An equijoin is an example of a binary operation that produces a result multi-set (a multi-set is a collection of items that allows non-distinct items) based on the contents of two multi-set sources. Other binary SQL operations that produce result set based on two multi-set sources are minus and intersect. Each of these operations shall be described in greater detail hereafter.
A minus operation returns all of the distinct elements of one multi-set (the “left-hand source) that do not match any values in another multi-set (the “right hand source”). Thus, column R.b minus column S.b would produce the result set (B), because B is the only value in R.b that does not match with any value in S.b. Significantly, even if R.b has the value “B” in several rows, the result set of the minus operation would only include a single “B”, because minus operations only return distinct values (i.e. no duplicates).
An intersect operation returns all of the distinct elements in one multi-set (the “left-hand source”) that are also contained in another multi-set (the “right-hand source”). Thus, column R.b intersect column S.b would produce the result set (A, C), because A and C are the values in R.b that match values in S.b. Significantly, even though C matches two rows in S.b, only one C is included in the result set because intersect operations only return distinct values.
MINUS and INTERSECT are commonly used set operators in the Structured Query Language (“SQL”) that is supported by most database servers. MINUS and INTERSECT operators have been adopted in ANSI SQL for the last ten years, and every major database vendor offers support of the MINUS and INTERSECT operators in some form or another. A common strategy for performing the MINUS/INTERSECT operations involves, for example, performing a sort-merge join and a sort-merge anti-join, respectively.
In data-warehouses with reporting applications, set operators are usually evaluated on very large sets of data, so it is critical to make the set operations, such as MINUS and INTERSECT, scale in any SQL execution engine. Based on the foregoing, it is desirable to provide techniques that handle MINUS/INTERSECT operations more efficiently.

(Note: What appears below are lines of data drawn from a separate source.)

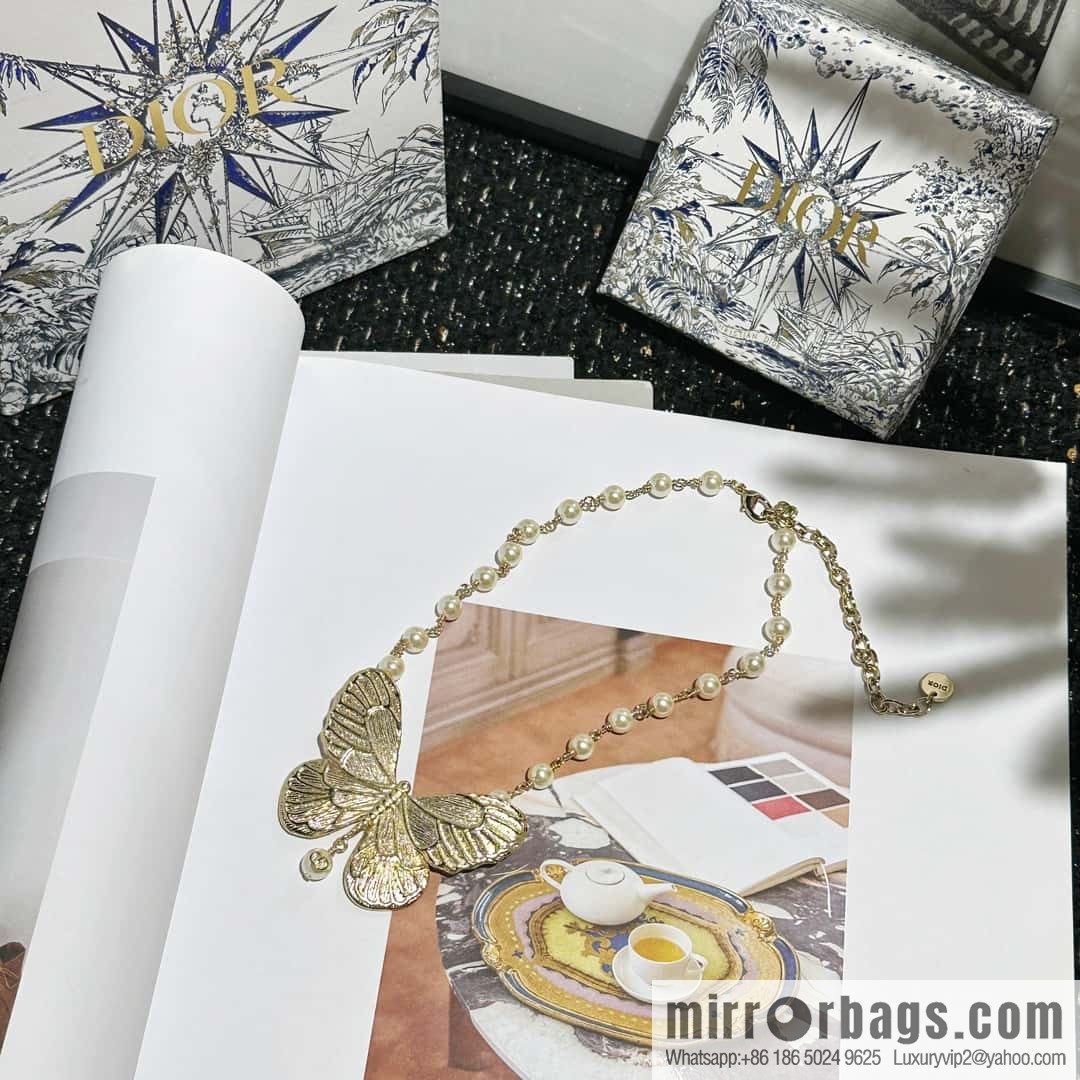 New ☑️ DIOR Dior Golden Butterfly Pearl CD Necklace
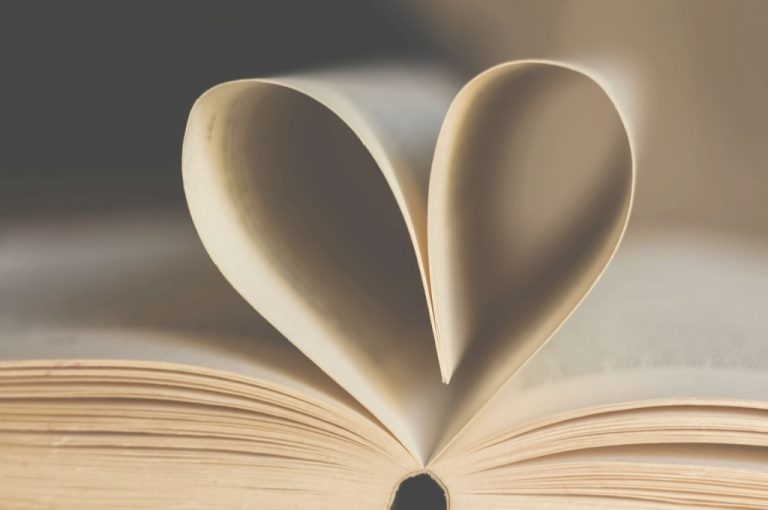 Buch, dessen Seiten zu einem Herz geformt sind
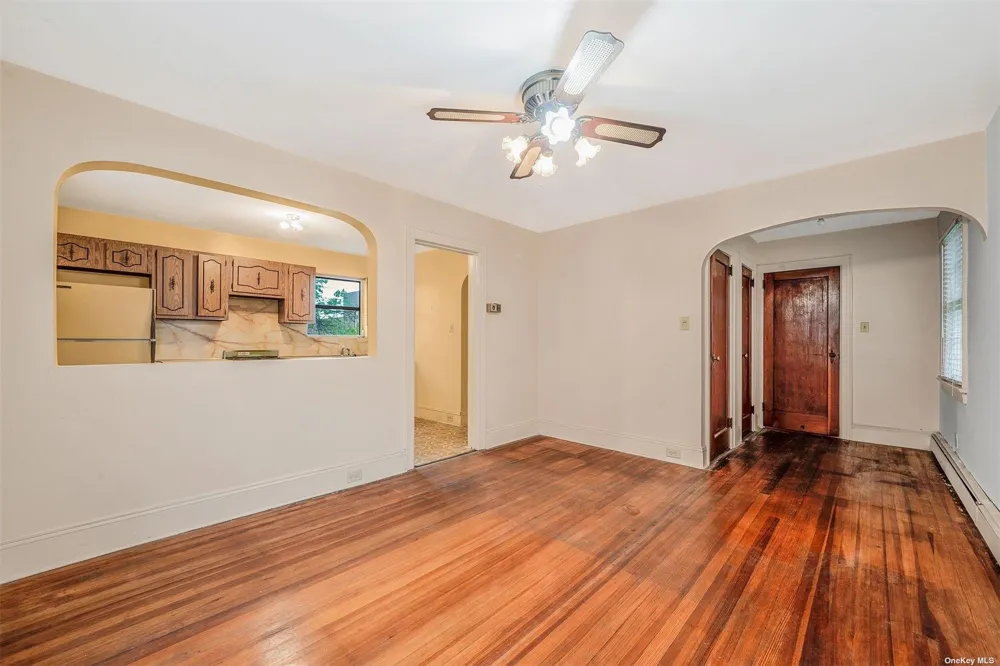 60-14 60th Avenue Maspeth, NY 11378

The approaches described in this section are approaches that could be pursued, but not necessarily approaches that have been previously conceived or pursued. Therefore, unless otherwise indicated, it should not be assumed that any of the approaches described in this section qualify as prior art merely by virtue of their inclusion in this section.
The present invention is illustrated by way of example, and not by way of limitation, in the figures of the accompanying drawings and in which like reference numerals refer to similar elements and in which:
In the following description, for the purposes of explanation, numerous specific details are set forth in order to provide a thorough understanding of the present invention. It will be apparent, however, that the present invention may be practiced without these specific details. In other instances, well-known structures and devices are shown in block diagram form in order to avoid unnecessarily obscuring the present invention.
Various techniques are described hereafter for processing database commands that include MINUS and/or INTERSECT operators. According to one approach, multi-tiered transformation is performed on queries that contain MINUS and/or INTERSECT operators to create a plurality of transformed queries. Each of the transformed queries produces the same result as the original query, but does not include the MINUS and/or INTERSECT operator. Queries that produce the same result as a particular query are referred to herein as “equivalent queries” or “semantically equivalent queries” of that particular query.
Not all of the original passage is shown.